Los demócratas enfrentan el dilema de si iniciar o no un proceso de juicio político a Donald Trump, titula hoy la prensa. No hay tal dilema. Ante la certeza de que el Partido Republicano —desintegrado de sus valores básicos durante la última campaña por la presidencia— no llevará a cabo esa tarea, que en primer lugar es a ellos a quienes corresponde iniciar, no hay más remedio que sacar la cara.
Dicho juicio político no debe entenderse como una vía de llegar al poder, sino como un ejercicio de sanación nacional. No queda otro remedio tras el informe de Robert Mueller. No se trata de una estrategia política sino de un imperativo moral.
Tras más de dos años de caos y furia en la Casa Blanca, en última instancia poco hay de nuevo en dicho documento, pero el resumen que ofrece del mal gobierno de Trump es tan abrumador que impide la inercia.
Al argumento de que los demócratas deben concentrar sus esfuerzos en la próxima campaña electoral, que en resumidas cuentas no alcanzará el tiempo para dicho juicio político y de que tampoco hay los votos suficientes para su aprobación —por razones partidistas, no por la ausencia de causa justificada— solo cabe señalar el peligro que para la democracia estadounidense representa oponer una razón de Estado a la justicia.
No otra cosa ha hecho el fiscal general William Barr —en una versión de Maquiavelo reeditada— al justificar la actuación del mandatario con independencia de la legitimidad de sus métodos.
Lo que ha quedado en claro, en estos momentos en Estados Unidos, es que la ley no es pareja para todos, que algunos poderosos pueden gozar de impunidad mientras al ciudadano de a pie le toca perder. Lo demás es palabrería.

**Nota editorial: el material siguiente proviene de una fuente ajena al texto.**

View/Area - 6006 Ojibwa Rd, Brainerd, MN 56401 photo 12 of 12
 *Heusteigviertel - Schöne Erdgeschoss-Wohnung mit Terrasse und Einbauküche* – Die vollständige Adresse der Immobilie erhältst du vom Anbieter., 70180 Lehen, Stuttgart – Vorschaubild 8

El informe Mueller no encuentra delito donde no quiso buscar. Investigaciones en las que no se ha profundizado aún; participantes a los que no se llamó a declarar en persona, comenzando por el mandatario; dudas planteadas pero dejadas a otros el resolverlas. No se trata de juzgar (que no era la función del fiscal especial), sino el detenerse en ciertos momentos de la indagación, ya sea por temor a los resultados, falta de audacia o ante la seguridad de una carencia de poder para seguir adelante. Triste decirlo, pero en algunos momentos el documento es una muestra de cobardía.
Nada de lo anterior disminuye su valor como testimonio: un paisaje desolador donde el presidente de la nación más poderosa del mundo da órdenes que no se cumplen, y se saluda que así sea por lo inadecuado de las mismas.
Penoso que un partido como el republicano, que por décadas se caracterizó por su enfrentamiento vertical a la poderosa Unión Soviética, ahora simplemente mire hacia otro lado frente a la mayor injerencia rusa, en el proceso democrático fundamental de EEUU, de toda la historia.
Tonta la justificación de aquí no ha pasado nada porque unos funcionarios no llevaron a cabo lo que el presidente quería. Algo así como que alguien no es culpable de intentar asaltar a un banco, ya que quien conducía el automóvil estacionó unas cuadras antes y equivocó la dirección.
Risible casi que el presidente Trump recurra 36 veces al “no me acuerdo” durante su declaración por escrito, y repita así el mismo recurso o truco que tanto le criticó a Hillary Clinton durante toda la campaña electoral.
Lo realmente preocupante es que lo ocurrido a partir de este último Gobierno estadounidense despierte las esperanzas de que otros, más delincuentes aún que Trump, busquen aspirar con total impunidad a la presidencia de EEUU.
Este país avanza hacia la disolución de algunos de sus valores fundamentales. Se impone “Hacer de América, Estados Unidos de nuevo”.